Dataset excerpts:

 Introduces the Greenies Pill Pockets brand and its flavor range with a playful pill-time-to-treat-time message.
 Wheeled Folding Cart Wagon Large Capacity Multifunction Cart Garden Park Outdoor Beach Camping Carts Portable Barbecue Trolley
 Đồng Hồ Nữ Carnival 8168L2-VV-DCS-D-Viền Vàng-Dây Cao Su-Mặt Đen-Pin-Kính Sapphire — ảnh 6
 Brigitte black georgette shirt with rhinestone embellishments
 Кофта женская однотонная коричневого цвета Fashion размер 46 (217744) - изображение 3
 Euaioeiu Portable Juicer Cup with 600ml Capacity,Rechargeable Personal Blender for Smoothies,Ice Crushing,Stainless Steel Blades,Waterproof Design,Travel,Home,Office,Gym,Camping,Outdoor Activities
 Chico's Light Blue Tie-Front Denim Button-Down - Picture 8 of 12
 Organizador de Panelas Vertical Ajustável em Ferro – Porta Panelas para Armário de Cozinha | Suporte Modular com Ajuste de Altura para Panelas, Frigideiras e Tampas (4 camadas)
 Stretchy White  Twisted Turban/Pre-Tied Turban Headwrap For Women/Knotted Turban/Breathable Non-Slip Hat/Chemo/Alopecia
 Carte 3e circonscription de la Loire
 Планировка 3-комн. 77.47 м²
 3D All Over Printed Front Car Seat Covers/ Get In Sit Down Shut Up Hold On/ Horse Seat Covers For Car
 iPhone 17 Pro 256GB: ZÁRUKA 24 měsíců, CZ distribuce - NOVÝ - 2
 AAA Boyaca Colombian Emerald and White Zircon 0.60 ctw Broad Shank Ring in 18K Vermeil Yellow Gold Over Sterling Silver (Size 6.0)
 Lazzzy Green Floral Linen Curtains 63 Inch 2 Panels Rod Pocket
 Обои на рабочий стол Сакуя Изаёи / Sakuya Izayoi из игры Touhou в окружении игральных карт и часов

→ Instructions to follow:
Output the lines of the records above exactly as they appear, from the line containing "Кофта женская однотонная" through the line containing "Euaioeiu Portable Juicer".

→ Solution to this exercise:
 Кофта женская однотонная коричневого цвета Fashion размер 46 (217744) - изображение 3
 Euaioeiu Portable Juicer Cup with 600ml Capacity,Rechargeable Personal Blender for Smoothies,Ice Crushing,Stainless Steel Blades,Waterproof Design,Travel,Home,Office,Gym,Camping,Outdoor Activities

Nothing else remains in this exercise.